(WORK TO COMPLETE)
All lines from the one that contains "ethumb/318spiritrock.jpg" to the end of the data must be retyped exactly. Pictures are not retyped.

INFORMATION PROVIDED Block Start

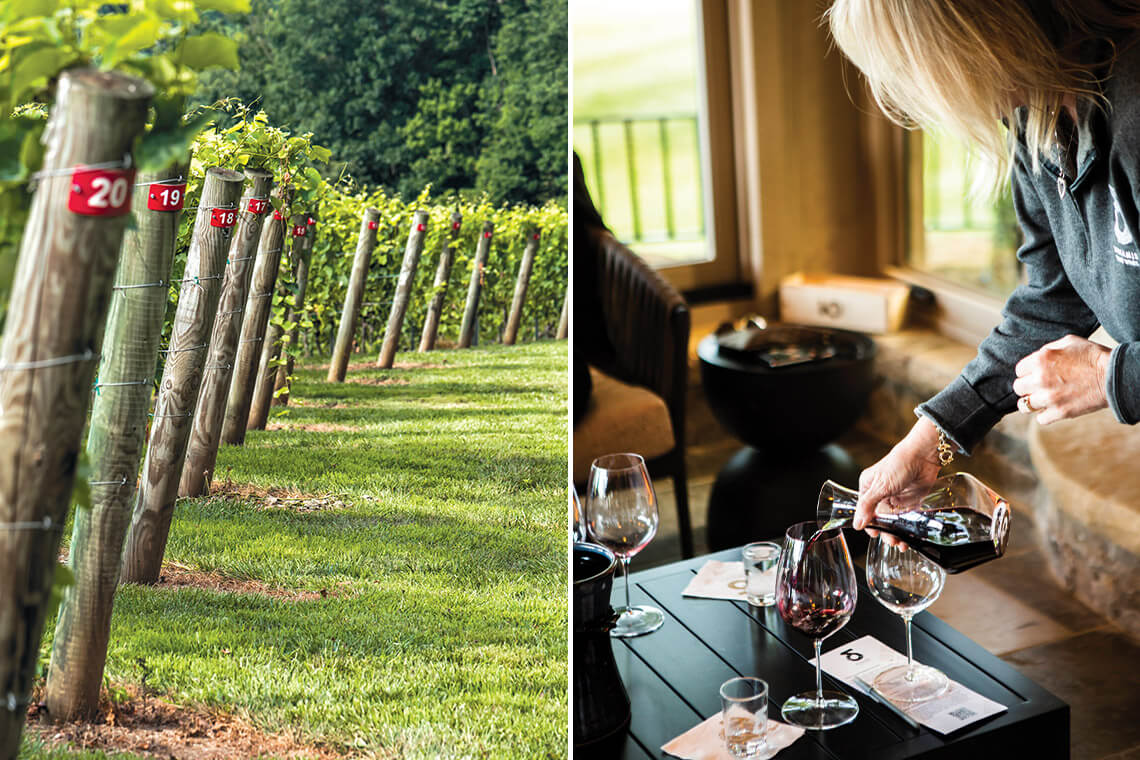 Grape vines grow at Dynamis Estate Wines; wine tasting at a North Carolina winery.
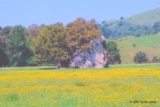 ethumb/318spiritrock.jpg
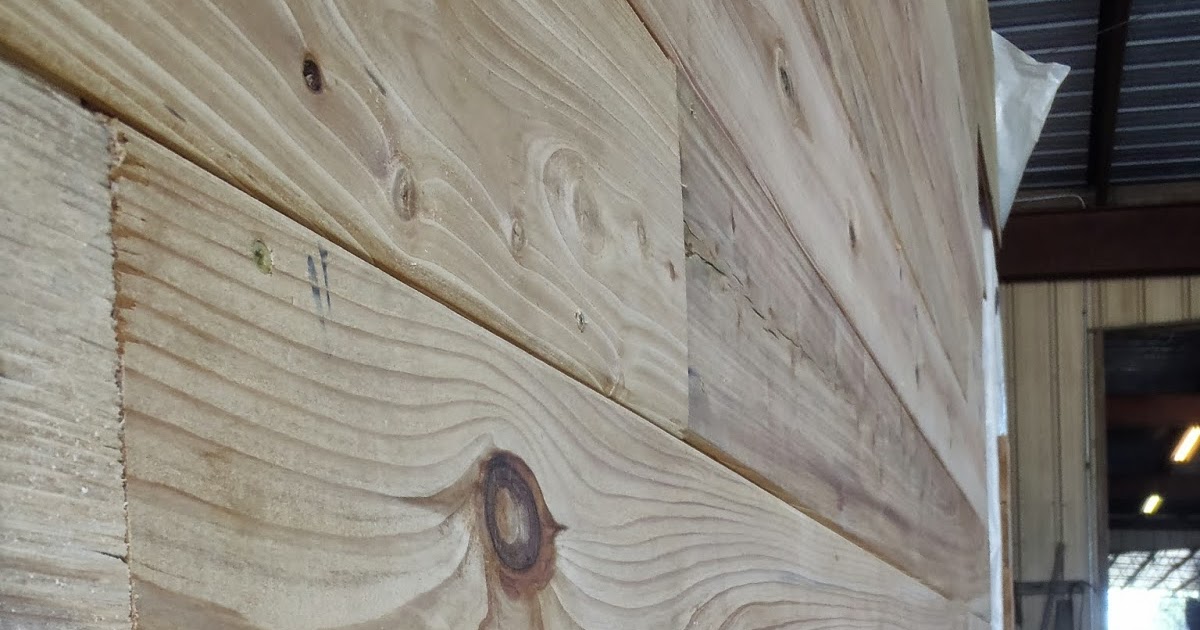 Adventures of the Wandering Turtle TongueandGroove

INFORMATION PROVIDED Block End

(YOUR RESPONSE)
 ethumb/318spiritrock.jpg
 Adventures of the Wandering Turtle TongueandGroove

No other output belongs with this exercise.